Refugiarse ante la policía local, impensable porque, simplemente, no existe. Han sido desplazadas por los escuadrones que todavía hoy en día imponen su ley en no pocos pueblos de la entidad. Una base militar queda a solo media hora, pero ni eso inhibe a los pistoleros.
Ante ellos, la gente de las comunidades ya no se inmuta. Se han habituado a vivir y a convivir con ellos. Ya son parte del paisaje y no ha habido fuerza que les haga frente. Por eso, cuando Estados Unidos o Canadá emiten una alerta para no viajar a ciertos territorios del país, invariablemente siempre aparece Michoacán, que es el segundo estado en cantidad de asesinatos, solamente debajo de Guanajuato.
El problema está en que, esas alertas no enfocan solamente a las comunidades o ciudades donde existe una situación latente de riesgo, es decir, no distinguen con mayor calibración las zonas de peligro, sino que manchan prácticamente todo el mapa estatal. Disparan un escopetazo que mata, no solo al objetivo, sino a otros de su entorno.
El problema está en que, en tanto el Estado mexicano no articule una estrategia rectora que permita recuperar plenamente los espacios arrebatados por grupos armados, al grado de que son estos quienes suplantan la presencia de la autoridad, el miedo a viajar a determinadas zonas no se irá. Vivirá entre nosotros, haya o no alertas que nos adviertan del riesgo.

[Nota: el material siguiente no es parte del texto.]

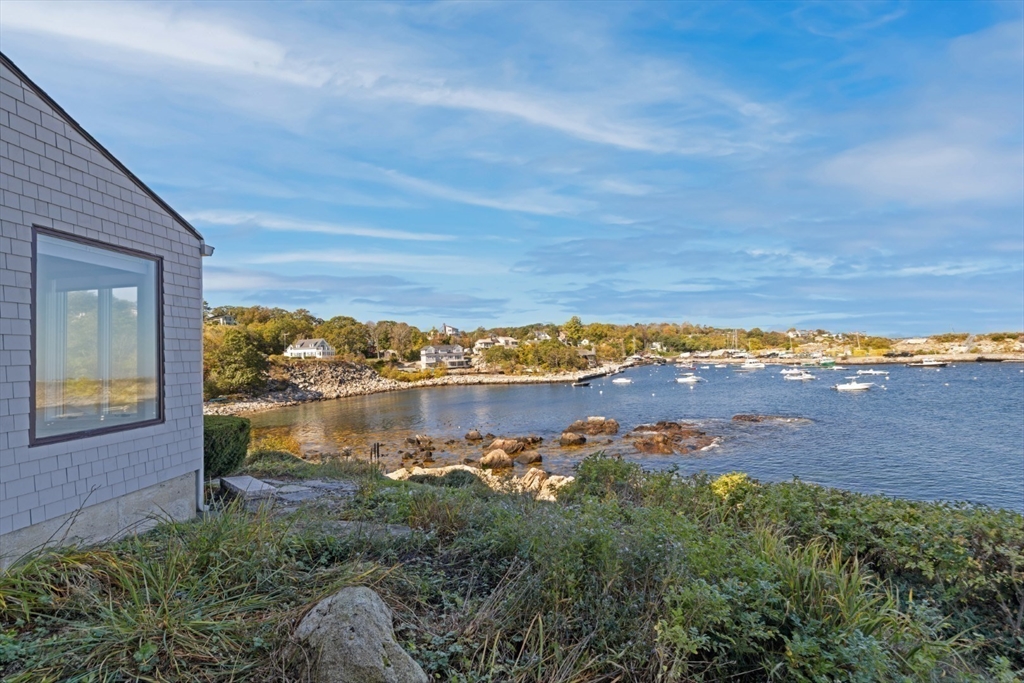 13 Rowe Point, Unit 13 Rockport, MA 01966 - Photo 20 of 27 a view of a lake with a yard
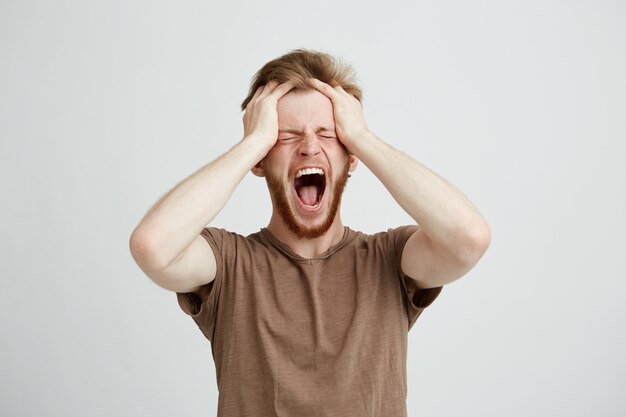 Portrait of emotional upset angry man shouting screaming holding head.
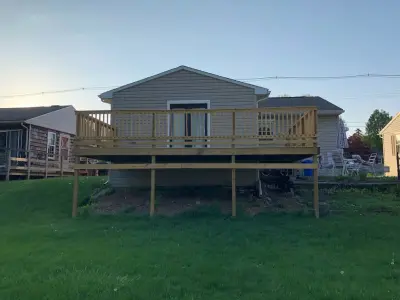 Spacious Custom Deck — Home Renovation & Remodeling Services project by Two Brothers Handyman & Home Improvement Service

Yo no la ocupo. Como visitante no regresaría a exponer la vida a un lugar donde la ley se somete al poder de un cártel que está a la vista de todos, como otra panorámica en el paisaje.
Cintillo
Si Yarabí Ávila logra, como rectora, implantar un método eficaz, confiable y seguro de elección abierta a toda la comunidad de la UMSNH para elegir a su sucesor o sucesora dentro de cuatro años, pasará a la historia, ya no como la segunda mujer que llega a ese puesto, sino por democratizar el ya obsoleto proceso donde un grupo de “notables” define.